I had a complete TAH/BSO 13 days ago. I have had major surgery before, so perhaps I was mentally prepped a bit - but the experience is different for everyone.
I can say as advice:
- listen to the docs & nurses on how to get out of bed, etc - it will help lessen the strain / use of your abs @ first
- everyone reacts to pain differently & reacts to pain meds different. For me i can "deal" with a low level of pain ( 3-4 on the scale) but at about 5 i'm taking something so it doesn't ever escalate to a "6" or above.
Everything I've read here for different women all talk about trying to stay on top of the pain, if you have pain. i.e. don't try to be too "tough" since pain is a way of your body telling you to slow down & take it easy
I'm pretty type A & antsy as well - i was up walking the halls 1 day post op feeling pretty "good" - but i'd still take something if i felt i needed it - the meds i had once off pain pump (percocet 5/325) aren't super "strong" so i could take one to help take edge of pain, but not be "out of it." I'm post op day 13 now and can get around fine - but again, i still take it easy. Theres a lot of healing & swelling still going on, but I'm independent except not driving yet. Still taking 2 pain pills a day.

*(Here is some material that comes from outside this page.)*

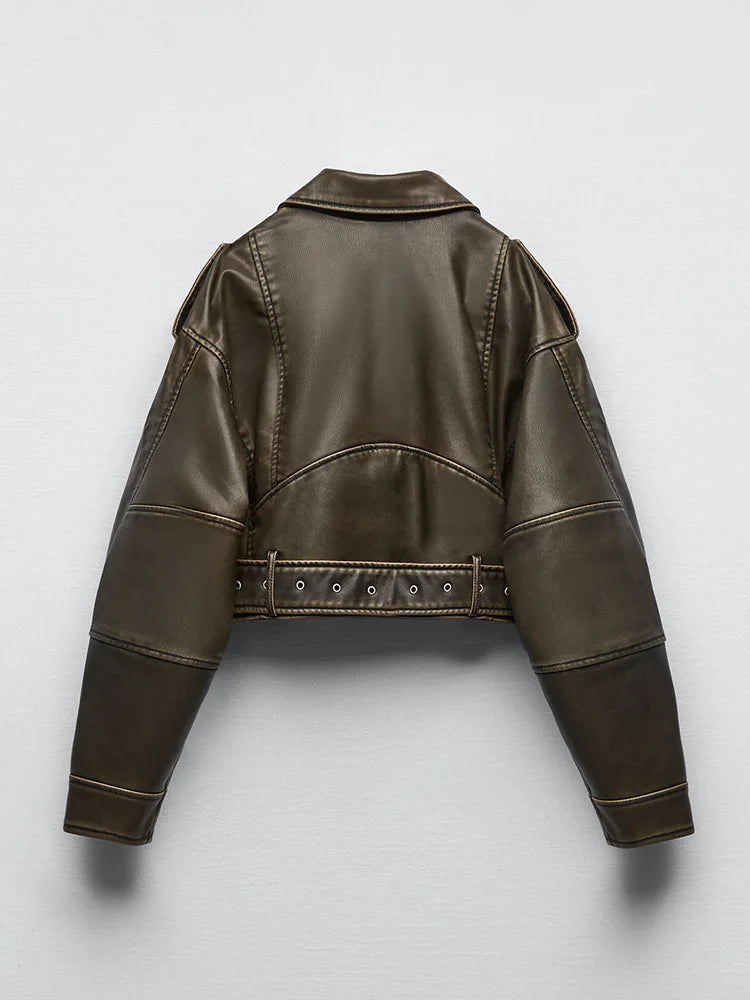 ''Cleo'' Vintage Faux Leather Jacket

I found the following info/ descriptions helpful about the "scale" - since you're not used to surgeries:
Minor

Does not interfere with most activities. Able to adapt to pain psychologically and with medication or devices such as cushions.
1
Very Mild Very light barely noticable pain, like a mosquito bite or a poison ivy itch. Most of the time you never think about the pain.
2
Discomforting Minor pain, like lightly pinching the fold of skin between the thumb and first finger with the other hand, using the fingernails. Note that people react differently to this self-test.
3
Tolerable Very noticable pain, like an accidental cut, a blow to the nose causing a bloody nose, or a doctor giving you an injection. The pain is not so strong that you cannot get used to it. Eventually, most of the time you don't notice the pain. You have adapted to it.
Moderate

Interferes with many activities. Requires lifestyle changes but patient remains independent. Unable to adapt to pain.
4
Distressing Strong, deep pain, like an average toothache, the initial pain from a bee sting, or minor trauma to part of the body, such as stubbing your toe real hard. So strong you notice the pain all the time and cannot completely adapt. This pain level can be simulated by pinching the fold of skin between the thumb and first finger with the other hand, using the fingernails, and squeezing real hard. Note how the similated pain is initially piercing but becomes dull after that.
3
Very
Distressing Strong, deep, piercing pain, such as a sprained ankle when you stand on it wrong, or mild back pain. Not only do you notice the pain all the time, you are now so preoccupied with managing it that you normal lifestyle is curtailed. Temporary personality disorders are frequent.
6
Intense Strong, deep, piercing pain so strong it seems to partially dominate your senses, causing you to think somewhat unclearly. At this point you begin to have trouble holding a job or maintaining normal social relationships. Comparable to a bad non-migriane headache combined with several bee stings, or a bad back pain.
Severe

Unable to engage in normal activities. Patient is disabled and unable to function independently.
7
Very
Intense Same as 6 except the pain completely dominates your senses, causing you to think unclearly about half the time. At this point you are effectively disabled and frequently cannot live alone. Comparable to an average migraine headache.

8
Utterly
Horrible Pain so intense you can no longer think clearly at all, and have often undergone severe personality change if the pain has been present for a long time. Suicide is frequently contemplated and sometimes tried. Comparable to childbirth or a real bad migraine headache.
9
Excruciating
Unbearable Pain so intense you cannot tolerate it and demand pain killers or surgery, no matter what the side effects or risk. If this doesn't work, suicide is frequent since there is no more joy in life whatsoever. Comparable to throat cancer.
10
Unimaginable
Unspeakable Pain so intense you will go unconscious shortly. Most people have never experienced this level of pain. Those who have suffered a severe accident, such as a crushed hand, and lost consciousness as a result of the pain and not blood loss, have experienced level 10.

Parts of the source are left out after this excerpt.